Here's the thing I don't get: why aren't there rich Auburn and Tennessee and UCLA fans and Michigan fans out there sponsoring private investigations into Hated Rival? Let's say you're Steven Ross. You have more money than God and an affection for Michigan football. Why not dump a couple million into an investigation of Ohio State? Why not offer some sort of prize for anyone willing to come forward with information that leads to a major infractions case? Surely there must be some turkey magnate in the South who hates some other school with the white-hot fury of a thousand suns; why hasn't he tried to drop the hammer?

I mean, it's not like the NCAA has any subpoena power or anything a private citizen lacks. The best way to step up NCAA enforcement of Hated Rival is to sponsor investigation of Hated Rival.
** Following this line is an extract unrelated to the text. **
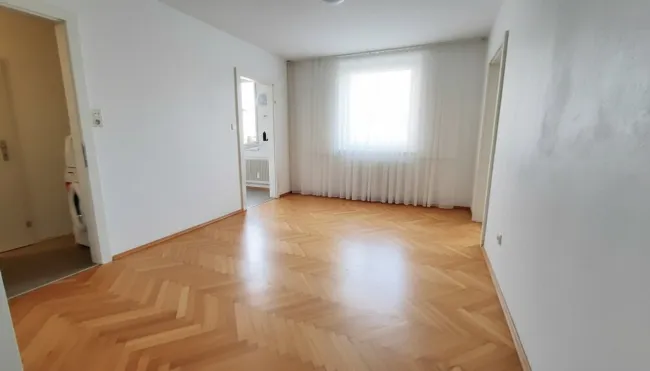 4- ZIMMER- ANLEGERWOHNUNG MIT EINER RENDITE ÜBER 5 %. - Bild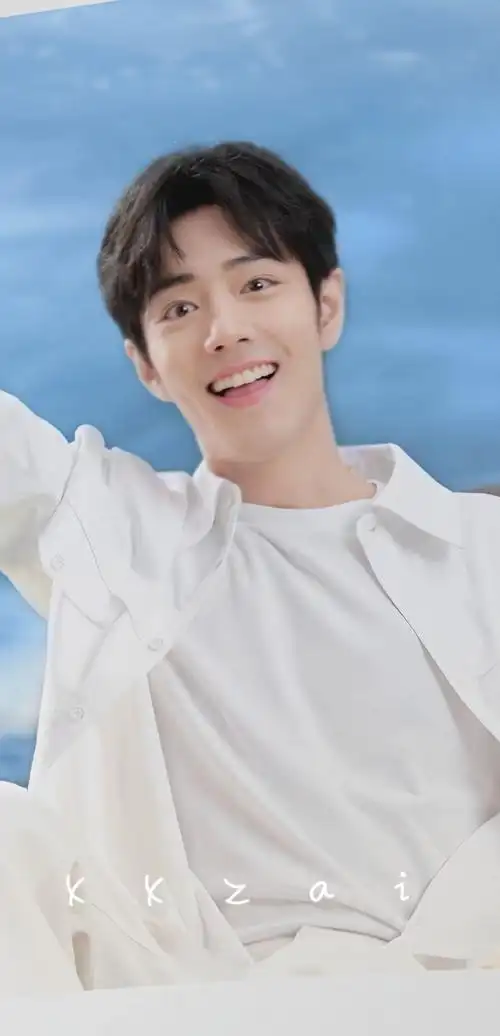 肖战白色穿搭##肖战代言元气森林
And yet… no one has stepped forth. 

Etc.: BSD fisks a dumb Weztel article.



November 5th, 2008 at 4:35 PM ^

I figured the reason people don't hire P.I.'s was because of access.  If the NCAA comes poking around Schembechler Hall, the staff is likely to let them in.  If some fat guy with a clipboard comes walking around, they'll tell him to screw off.
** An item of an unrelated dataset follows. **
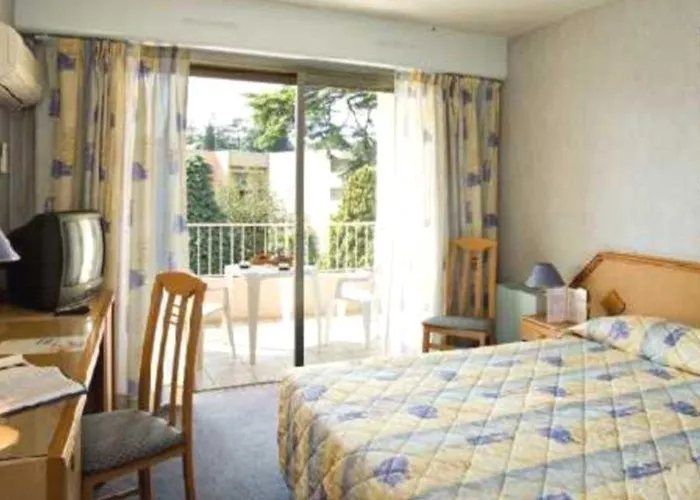 酒店 Beausejour 3*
Not that a "$1000 for a picture of Terrelle Pryor and a Corvette"-style vendetta wouldn't eventually work.


November 5th, 2008 at 5:38 PM ^

I'd be concerned about the rich millionaires from the hated rival going tit for tat with their own PI.  Are you that confident in your own squeaky clean program to push the button.  It seems a doctrine of mutually assured destruction is appropriate in this case.


November 5th, 2008 at 7:32 PM ^

Agreed.  I say we just be confident that our rich millionaires are better at getting away with it than the other teams' rich millionaires.

EDIT: And you said tit.  ha.

Glen Masons Hot Wife

November 5th, 2008 at 10:25 PM ^

I nominate Achewood to replace that stupid comic Boondocks that adorned the Michigan Daily for oh so long. I'm a little dated, not sure that Boondocks is still the comic of choice.

Those ultra-liberal rich kids love to fantasize they can relate to a "street smart" strip depicting the plight of the underprivileged black. So very underground and cultured.

Other Andrew

November 6th, 2008 at 6:45 AM ^

In my season-long road trip last year, I only appeared in one photo with remotely hot girls (though I took many shots of many unattainable women - most are scattered throughout last season's postings). It was at the last game of the year and at the urging of friends, I joined the UWWhitewater dance team for a picture in the Stagg Bowl parking lot on a frigid day. I guess that makes me not the saddest thingn (though, bothering to mention it here surely puts me on the honorable mention list?). But seeing Sal Bass's success makes me equal parts jealous and happy that the universe provides such opportunities for observance. Wow.